The above describes particular embodiments of the present invention as defined in the claims set forth below. The invention embraces all alternatives, modifications and variations that fall within the letter and spirit of the claims, as well as all equivalents of the claimed subject matter. For example, while each of the prosodic parameters have been represented using seven bits, the parameters may be represented using more or less bits. In such case a conversion between the prosodic parameter values and the MIDI parameters may be required. In addition, there are many different ways in which the phoneme IDs and prosodic parameter values can be encoded into the MIDI format. For example, rather than mapping each phoneme to a separate MIDI program number, each phoneme may be mapped to a separate MIDI channel number. If phonemes are mapped to different MIDI channel numbers, a multiport MIDI interface may be required to address more than 16 channels. Also, while the embodiments of the present invention have been illustrated with reference to the MIDI standard or format, the present invention applies to many different standard digital formats.

Claims (30)

What is claimed is:
1. A method of encoding a speech signal into a MIDI compatible format, comprising the steps of:
receiving an analog speech signal, said analog speech signal comprising a plurality of speech segments;
digitizing the analog speech signal;
identifying each of the plurality of speech segments in the received speech signal;
measuring one or more prosodic parameters for each of said identified speech segments; and
converting the speech segment identity and corresponding measured prosodic parameters for each of the identified speech segments into a speech signal having a MIDI compatible format.
2. The method of claim 1 wherein:
said step of receiving comprises the step of receiving an analog speech signal, said analog speech signal comprising a plurality of phonemes;
said step of identifying comprises the step of identifying each of the plurality of phonemes in the received speech signal;
said step of measuring comprises the step of measuring one or more prosodic parameters of each of said identified phonemes; and
said step of converting comprises the step of converting the phoneme identity and corresponding measured prosodic parameters for each identified phoneme into a MIDI speech signal, said MIDI speech signal comprising a plurality of MIDI messages that represents the analog speech signal.
3. The method of claim 2 and further comprising the step of storing the MIDI speech signal to enable the later playback of said analog speech signal using said stored MIDI speech signal.
4. The method of claim 2 and further comprising the step of communicating the MIDI speech signal over a transmission medium.

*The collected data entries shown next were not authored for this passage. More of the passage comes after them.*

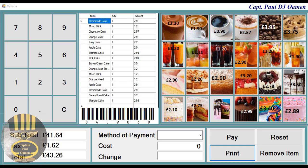Hi guys and welcome to this C++ tutorial of a Point of Sale system. This is a must-see tutorial — I strongly advise you guys to have a good look at it. Let me show you how this works.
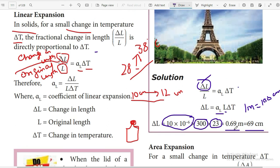The answer is that the Eiffel Tower gets expanded by 69 centimeters in comparison to the cold season. Those who have not subscribed, kindly subscribe and share. If you have any doubts, please write them in the comment section.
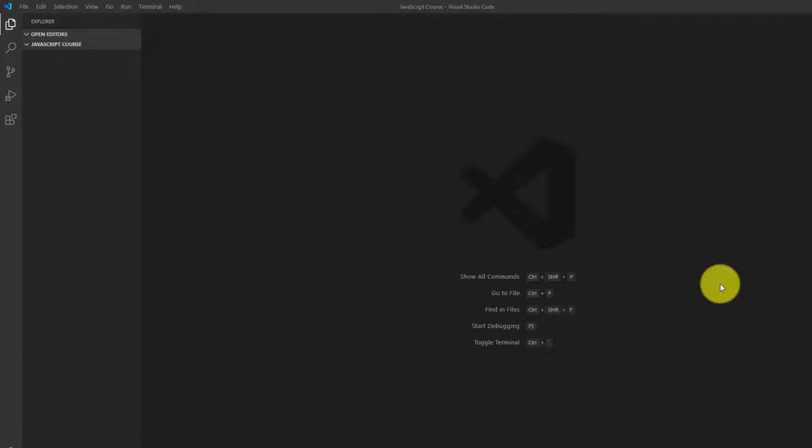The first one is going to be Node.js, which allows JavaScript to be run outside of a browser. And the second one is Visual Studio Code, which is a text editor. We're going to install additional pieces of software as we move through the course, but for now, these are the two that we're going to work with.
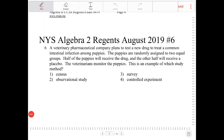A veterinary pharmaceutical company plans to test a new drug to treat a common intestinal infection among puppies. The puppies are randomly assigned to two equal groups — half will receive a drug and the other half will receive a placebo. The veterinarians monitor the puppies. This is an example of which study method?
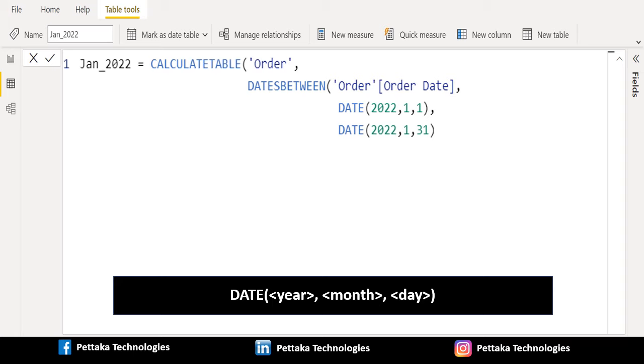month and day. So that whatever order details data falls between this date range will get filtered and new table will get created with this filter data.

5. The method of claim 4 wherein said step of communicating the MIDI speech signal comprises the step of communicating the MIDI speech signal to a remote user via the Internet.

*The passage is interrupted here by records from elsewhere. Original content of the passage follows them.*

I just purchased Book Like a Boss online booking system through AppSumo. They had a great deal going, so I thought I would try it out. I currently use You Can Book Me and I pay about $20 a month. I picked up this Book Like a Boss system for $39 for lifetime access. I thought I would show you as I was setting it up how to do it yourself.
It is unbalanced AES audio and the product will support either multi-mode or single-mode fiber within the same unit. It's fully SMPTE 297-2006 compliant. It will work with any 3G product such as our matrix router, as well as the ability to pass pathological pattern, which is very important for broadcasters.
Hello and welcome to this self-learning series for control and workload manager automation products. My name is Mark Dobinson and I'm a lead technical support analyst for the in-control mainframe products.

6. The method of claim 4 wherein said step of communicating further comprises the step of communicating a voice font ID identifying a designated output voice font to be used during playback or reconstruction of the analog speech signal using said MIDI speech signal.
7. The method of claim 2 and further comprising the step of:
storing a dictionary comprising a digitized phoneme pattern and an associated phoneme ID for each said phoneme;
said step of identifying comprising the steps of comparing the digitized speech signal to the phoneme patterns stored in the dictionary to identify the phonemes in the digitized speech signal.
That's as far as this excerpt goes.